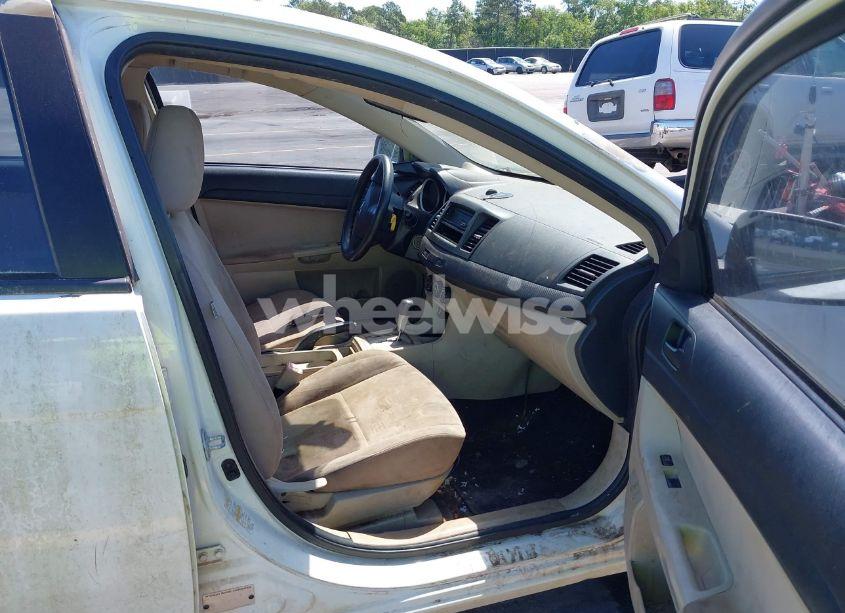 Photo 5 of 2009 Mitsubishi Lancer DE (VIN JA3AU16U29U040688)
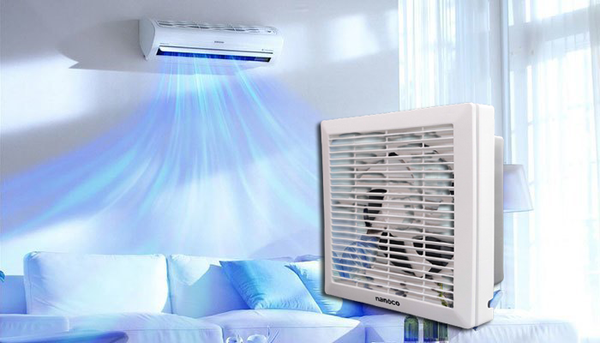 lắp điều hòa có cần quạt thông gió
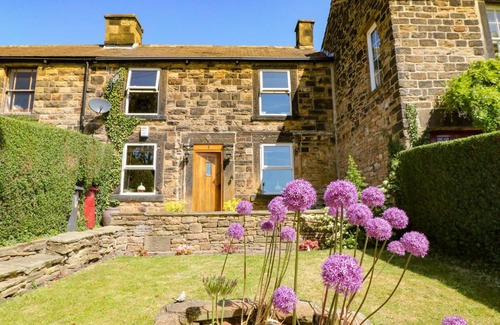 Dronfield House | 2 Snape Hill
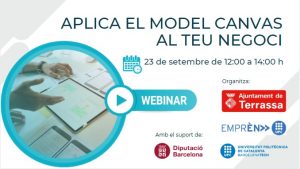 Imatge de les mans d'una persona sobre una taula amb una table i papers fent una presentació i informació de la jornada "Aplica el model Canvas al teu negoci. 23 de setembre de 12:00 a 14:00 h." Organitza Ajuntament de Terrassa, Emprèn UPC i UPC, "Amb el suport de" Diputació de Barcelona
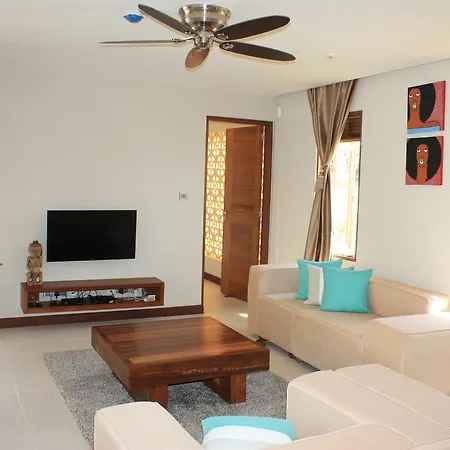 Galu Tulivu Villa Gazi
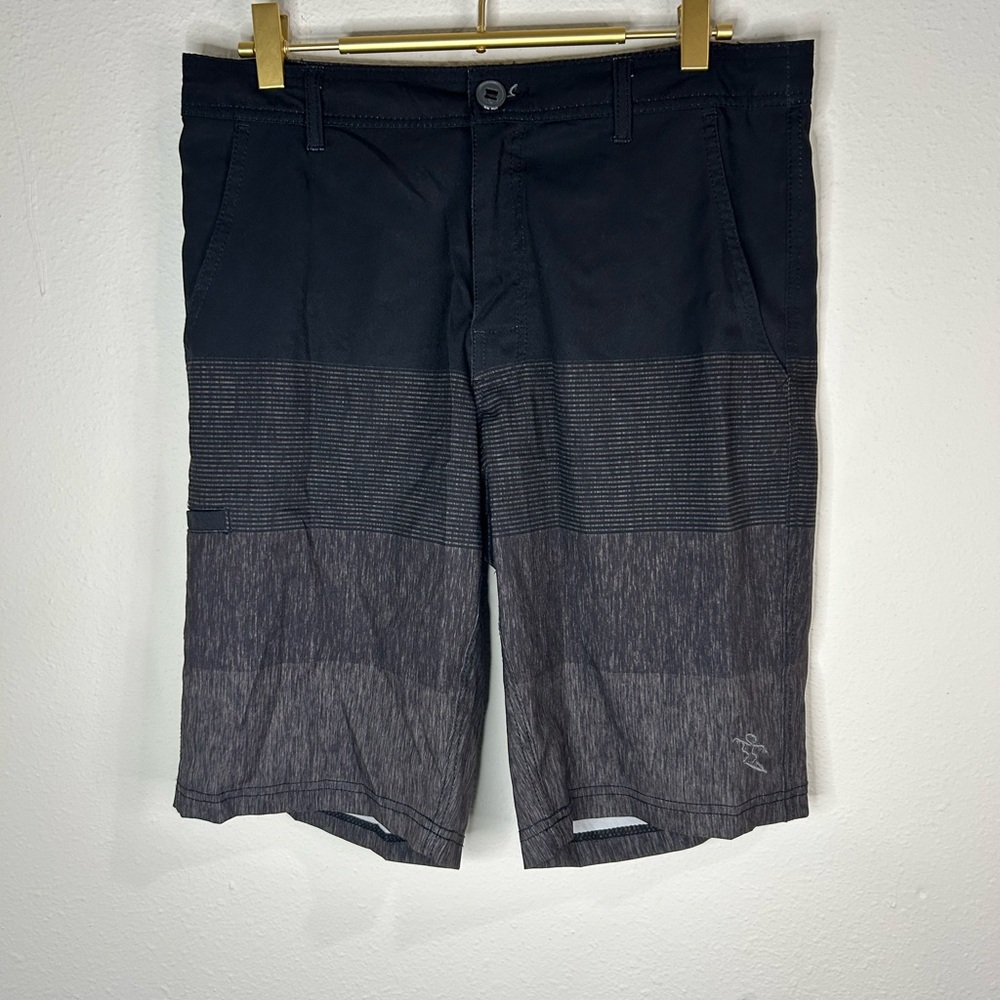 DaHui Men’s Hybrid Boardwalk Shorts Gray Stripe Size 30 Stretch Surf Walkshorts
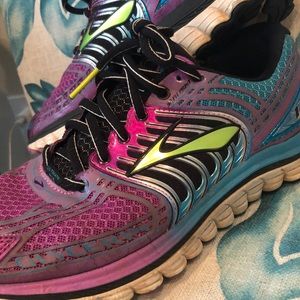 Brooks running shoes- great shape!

========================================================================

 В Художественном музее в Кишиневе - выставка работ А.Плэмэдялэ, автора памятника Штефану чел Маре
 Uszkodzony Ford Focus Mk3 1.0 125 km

========================================================================

In the data above, which lines lie between the line with "В Художественном музее" and the line with "Uszkodzony Ford Focus Mk3 1.0 125 km", inclusive? Print those lines exactly and nothing else.

Exercise answer:
 В Художественном музее в Кишиневе - выставка работ А.Плэмэдялэ, автора памятника Штефану чел Маре
 Uszkodzony Ford Focus Mk3 1.0 125 km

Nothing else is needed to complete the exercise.